[Gluster-devel] handling open fds and graph switches

Tue Aug 6 08:22:40 UTC 2013

Hi,

As of now, there is a problem when following set of operations are 
performed on a file.

open () => unlink () => do a graph change (not reconfigure) => fop on 
the opened fd (may be write)

In the above set of operations, the fop performed on the fd after the 
graph switch fails with EBADFD (which should not happen). Its because 
when the file is unlinked (assume there are no other hardlinks for the 
file), the gfid handle present in the .glusterfs directory of the brick 
is removed. Now when graph change happens, all fds have to be migrated 
to the new graph. Before that a nameless lookup will be sent on the gfid 
(to build the new inode in the new graph). The nameless lookup happens 
on the gfid handle. But since the gfid handle is removed upon receiving 
the unlink, nameless lookup fails, thus failing the fd migration to the 
new graph and the fops on the fd are also failed.

A patch has been sent to handle 
this(http://review.gluster.org/#/c/5428/), where the gfid handle is 
removed when the last reference to the file is removed (i.e upon getting 
the unlink, it also checks whether there are any open fds on the inode. 
If so, then the gfid handle is not removed.

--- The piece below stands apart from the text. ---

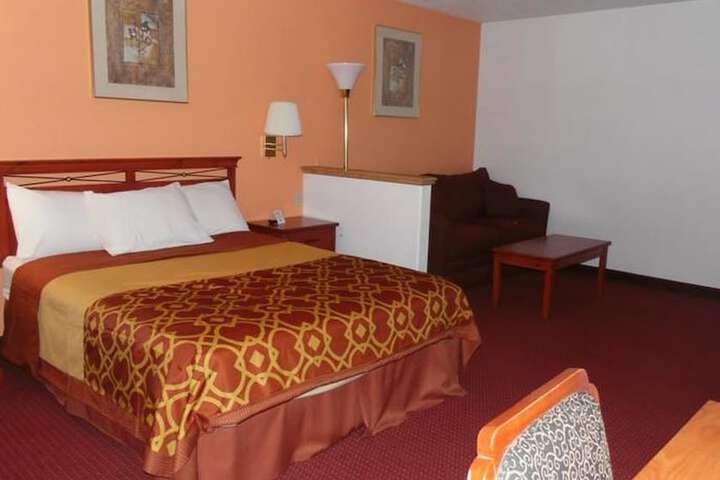 Room 4 of 14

Its removed when release on 
that fd is received). But that approach might lead to gfid handle leaks 
(what if glusterfsd crashes upon unlinking the last entry? the gfid 
handle might not have been removed if there are open fds. And now if 
glusterfsd crashes, then the gfid handle for that file is leaked).

Another approach might be to make posix_lookup do a stat on one of the 
fds present on the inode when it has to build a INODE HANDLE (which 
happens as part of nameless lookup). The nameless lookup suceeds and the 
new inode is looked up in the new graph for the client. But after that, 
there are 2 more issues.

1) After successful completion of the nameless lookup, the file has to 
be opened in the new graph. So a syncop_open is sent on the new graph 
for the gfid. In posix_open, posix xlator again tries to open the file 
using the gfid handle. But since the gfid handle is removed, open fails 
and the file is not opened (thus fd migration fails again.) We can 
search the list of fds for the inode, find the right fd that the fuse 
client is trying to migrate and return that fd. But searching the right 
fd is a hard task. (What if a fuse client has opened 2 fds with same flags?)

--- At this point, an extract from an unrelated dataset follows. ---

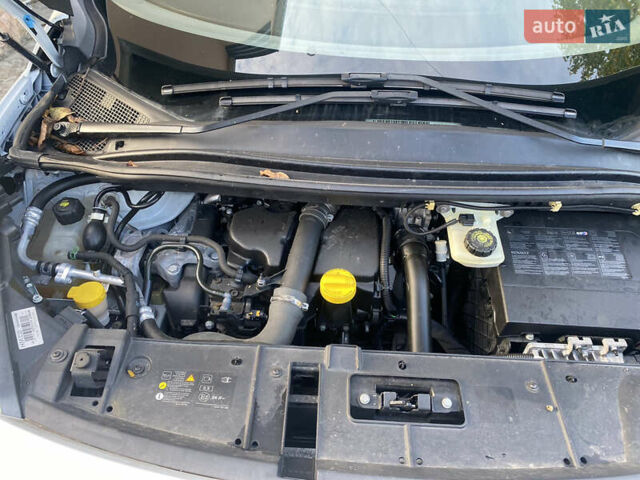 Рено Гранд Сценик 2013 в Ровно на Automoto.ua Белый Рено Гранд Сценик, объемом двигателя 1.5 л и пробегом 269 тыс. км за 9400 $, фото 33 на Automoto.ua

2) Another problem is open-behind. Fuse xlator after nameless lookup, 
sends syncop_open to migrate the fds. Once the syncop_open is complete 
and fds are migrated, PARENT_DOWN event is sent on the old graph and the 
client xlator sends release on all the fds (if the previous syncop_open 
is successful, then its safe to send release from old graph as the new 
fd would have been migrated to the new graph, with corresponding fd 
present in the brick). But before that in syncop_open, open-behind might 
have sent success to the fuse without actually winding the open call to 
the below xlators. Now fuse gets success for the open, sends PARENT_DOWN 
to old graph, which sends release on the fd. Thus even though a fd is 
present from application's point of view, there are no mechanisms to 
access the file (as the fds and gfid handles have been removed already.)

Please provide feedback on the above issues.

Regards,
Raghavendra Bhat